In addition, residues from the treatment, storage, or disposal of
listed hazardous wastes and mixtures containing listed hazardous wastes
are also considered hazardous wastes. See Secs. 261.3 (a)(2)(iv) and
(c)(2)(i), referred to as the ``mixture'' and ``derived-from'' rules,
respectively. Such wastes are also eligible for exclusion and remain
hazardous wastes until excluded. On December 6, 1991, the U.S. Court of
Appeals for the District of Columbia vacated the ``mixture/derived
from'' rules and remanded them to the Agency on procedural grounds
(Shell Oil Co. v. EPA, 950 F.2d 741 (D.C. Cir. 1991)). On March 3,
1992, EPA reinstated the mixture and derived-from rules, and solicited
comments on other ways to regulate waste mixtures and residues (57 FR
7628). The Agency plans to address issues related to waste mixtures and
residues in a future rulemaking.
B. Approach Used To Evaluate This Petition
This petition requests a delisting for a listed hazardous waste. In
making the initial delisting determination, the Agency evaluated the
petitioned waste against the listing criteria and factors cited in
Secs. 261.11(a)(2) and (a)(3). Based on this review, the Agency agreed
with the petitioner that the waste is non-hazardous with respect to the
original listing criteria. (If the Agency had found, based on this
review, that the waste remained hazardous based on the factors for
which the waste was originally listed, EPA would have proposed to deny
the petition.) EPA then evaluated the waste with respect to other
factors or criteria to assess whether there is a reasonable basis to
believe that such additional factors could cause the waste to be
hazardous. The Agency considered whether the waste is acutely toxic,
and considered the toxicity of the constituents, the concentration of
the constituents in the waste, their tendency to migrate and to
bioaccumulate, their persistence in the environment once released from
the waste, plausible and specific types of management of the petitioned
waste, the quantities of waste generated, and waste variability.
For this delisting determination, the Agency used such information
to identify plausible exposure routes (i.e., ground water, surface
water, air) for hazardous constituents present in the petitioned waste.
The Agency determined that disposal in a landfill is the most
reasonable, worst-case disposal scenario for BSC's petitioned waste,
and that the major exposure route of concern would be ingestion of
contaminated ground water.

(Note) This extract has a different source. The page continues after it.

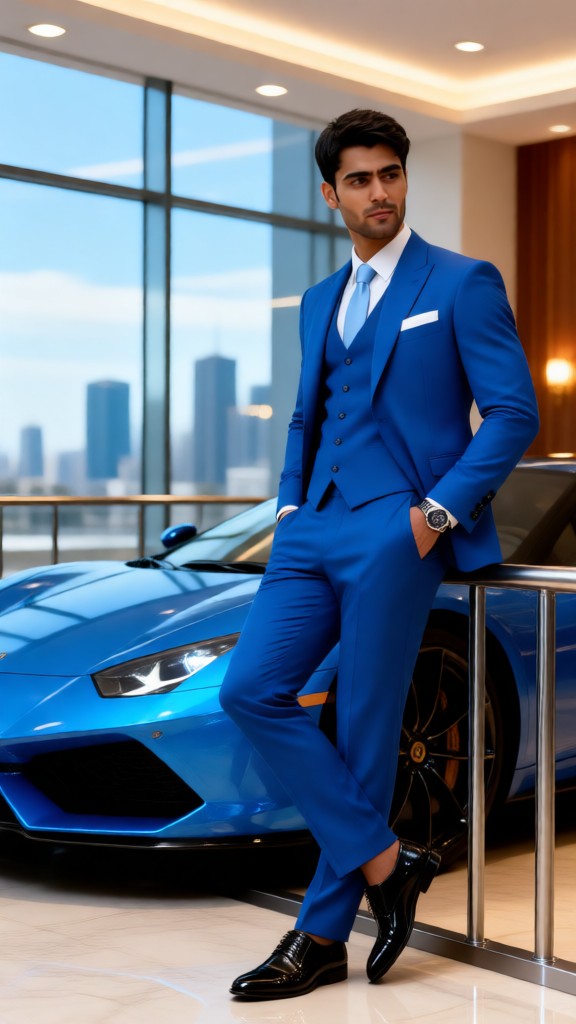 Handsome Man in a Blue Suit image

Therefore, the Agency is proposing to use a
particular fate and transport model to predict the maximum allowable
concentrations of hazardous constituents that may be released from the
petitioned waste after disposal in a regulated municipal solid waste
landfill and to determine the potential impact of disposal of BSC's
waste on human health and the environment. Specifically, the Agency
used the maximum estimated waste volume and the maximum reported
leachate concentrations as inputs to estimate the constituent
concentrations in the ground water at a hypothetical receptor well
downgradient from the disposal site. The calculated receptor well
concentrations (referred to as compliance-point concentrations) were
then compared directly to the health-based levels used in delisting
decision-making for the hazardous constituents of concern.
EPA believes that this fate and transport model represents a
reasonable worst-case scenario for disposal of the petitioned waste in
a landfill, and that a reasonable worst-case scenario is appropriate
when evaluating whether a waste should be relieved of the protective
management constraints of RCRA Subtitle C. The use of a reasonable
worst-case scenario results in conservative values for the compliance-
point concentrations and ensures that the waste, once removed from
hazardous waste regulation, will not pose a threat to human health or
the environment. Because a delisted waste is no longer subject to
hazardous waste control, the Agency is generally unable to predict and
does not control how a waste will be managed after delisting.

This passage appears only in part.